** About this task **
Exact transcription of the data below is required, without the images.

** Data extract **

_____

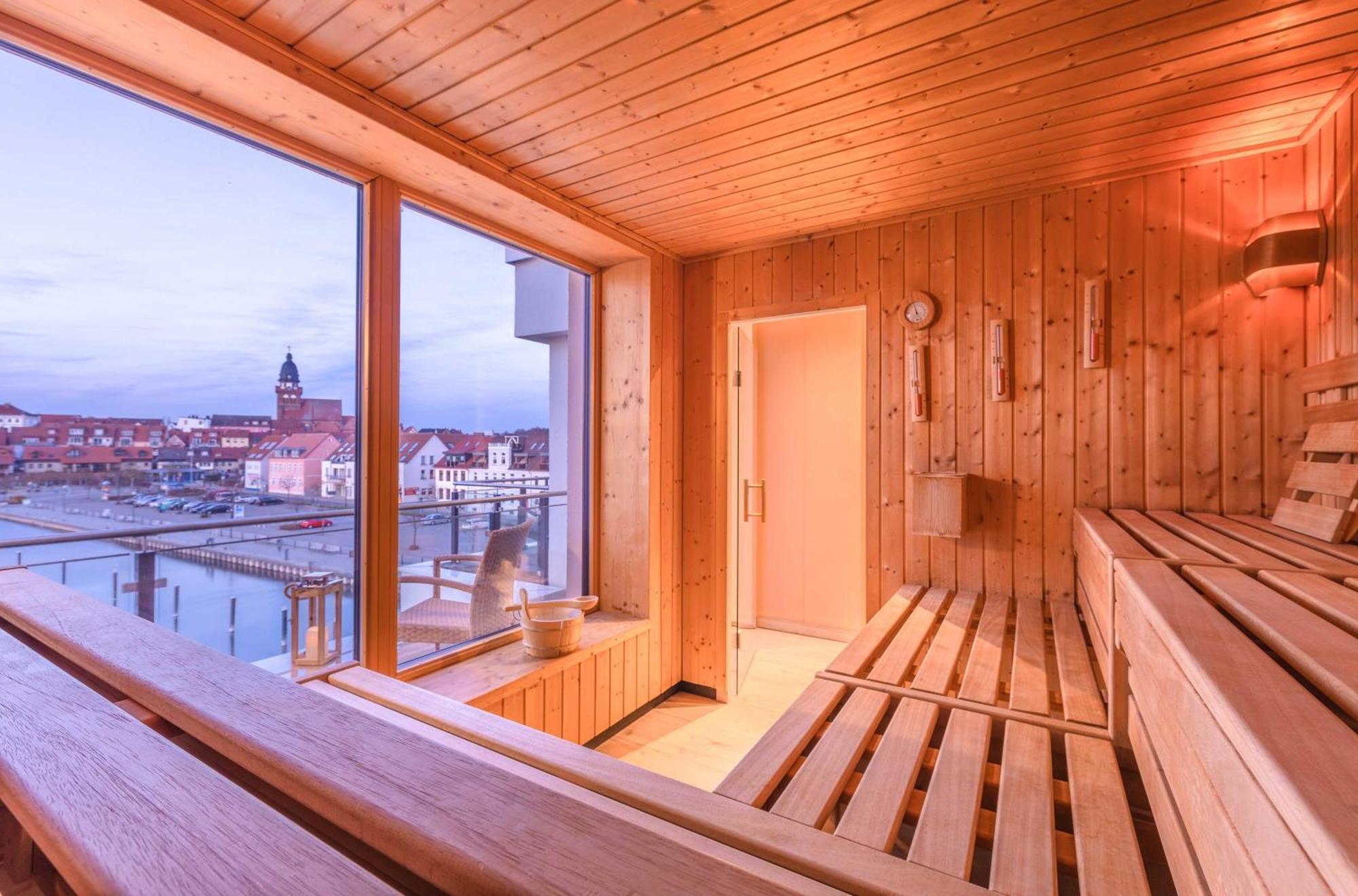 Mueritz Utkiek - Apartment Mit Seeblick & Balkon In Der Hafenresidenz فارين المظهر الخارجي الصورة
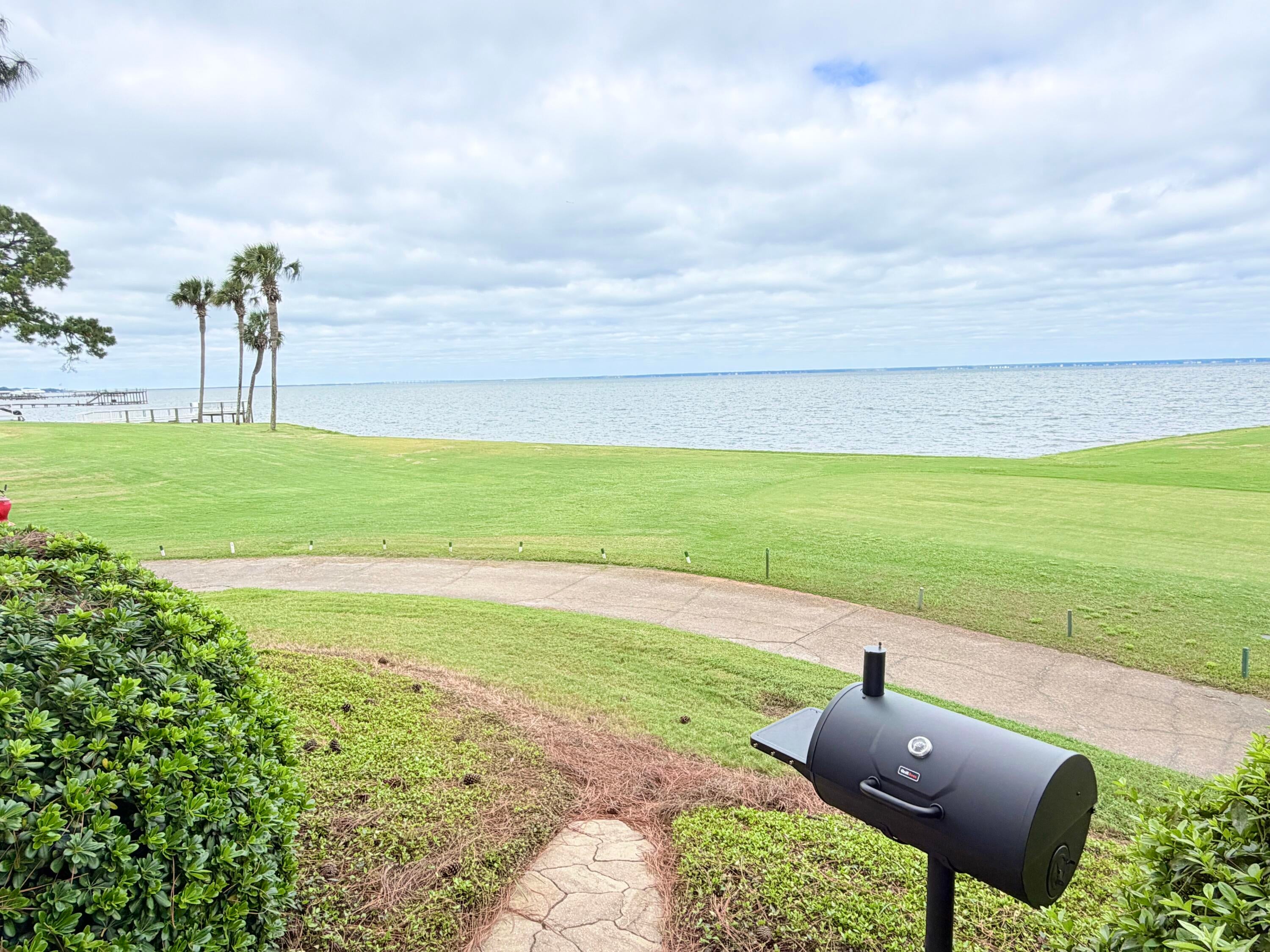 VANTAGE POINTE - Residential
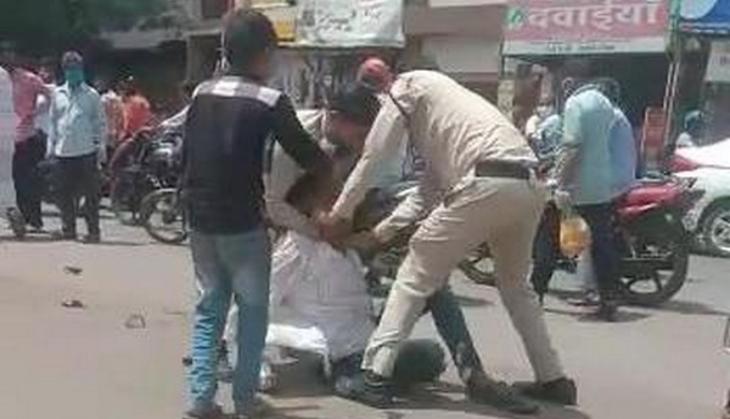 Indore: 2 policemen suspended after video showing them beating up rickshaw-puller surfaces on social media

_____

** Solution **
 Mueritz Utkiek - Apartment Mit Seeblick & Balkon In Der Hafenresidenz فارين المظهر الخارجي الصورة
 VANTAGE POINTE - Residential
 Indore: 2 policemen suspended after video showing them beating up rickshaw-puller surfaces on social media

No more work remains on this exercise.